We've been working hard to reduce our environmental impact and are committed to making a day out at The Milky Way an environmentally friendly experience!
Many of the improvements we've made have been as a result of an audit carried out by our specialist Environmental Consultants. Below are some examples of the work that we have done to reduce our carbon footprint and to improve our natural environment.
Since 2014 we’ve taken a massive leap forward, installing solar panels and a biomass heating system. We estimate that approximately 75% of our energy usage is now totally renewable and carbon neutral. To find out more please click here.

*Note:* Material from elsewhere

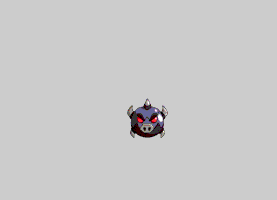kisechi  GIF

Other steps we've taken to reduce our overall energy consumption -
We've been working closely with our staff to come up with a manageable way to recycle more of our waste. We started by buying a bailer so we could process all our cardboard and plastic for recycling and we installed recycling bins around the site. We estimate that we currently recycle approximately ½ tonne of cardboard and plastic every month.
In addition we also recycle all food waste and glass from our cafes. To cut down on paperwork in the office we now get many of our monthly bills by email and any paperwork to be disposed of is shredded and sent to the recycling centre. We're working on increasing the proportion of deliveries, gifts, food and drinks that come in recyclable packaging.

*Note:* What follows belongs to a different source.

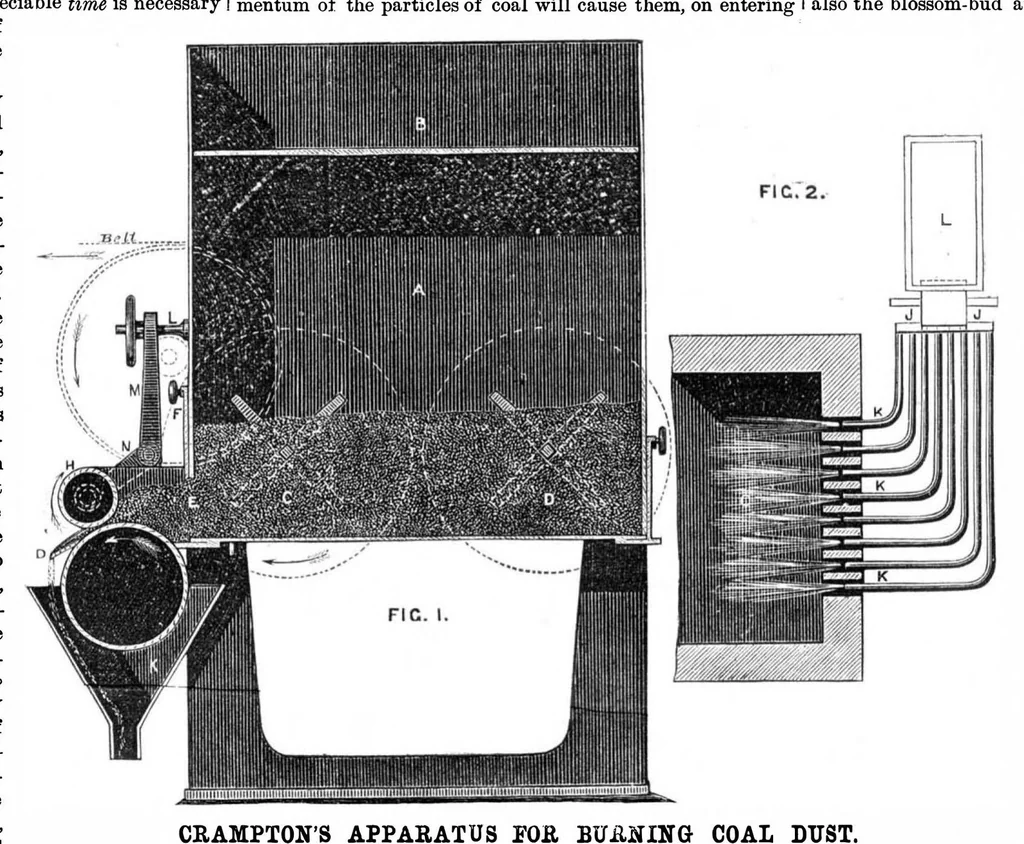 An illustration from Scientific American, Vol. 24, No. 19 (1871), 1871, leaf 3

All our water comes from a natural lake deep beneath The Milky Way land. We access this water using a bore hole, before treating it with UV light to ensure that it's safe to drink.
We use a natural reed bed system to treat all of our sewage and wastewater, returning it back to the environment clean and safe. In fact, as an added bonus, the ponds that we created for the reed bed system now provide another fantastic natural habitat for our wildlife.

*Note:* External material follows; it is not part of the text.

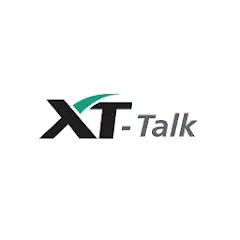 Скачать XT-Talk [Разблокированная версия] MOD APK на Андроид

We planted approximately 1,000 indigenous trees (species that are naturally found in this area) and 500 conifers around The Milky Way in aroound 2000, and in 2005 we planted 3,500 more conifers in our maze. More recently we've worked with the South West Forestry Commission and have completed the planting of an additional 35,000 indigenous trees covering 50 acres of land which surrounds the Milky Way.
A few years ago we created another pond with an island in the middle to attract wildlife. We now have fish in the pond (we didn't put them there, so their eggs must have been carried here by birds!) and plenty of wildlife inhabiting the island and surroundings. These include wild Canadian geese, a pair of nesting mallards, two pairs of nesting moorhens and a visiting heron.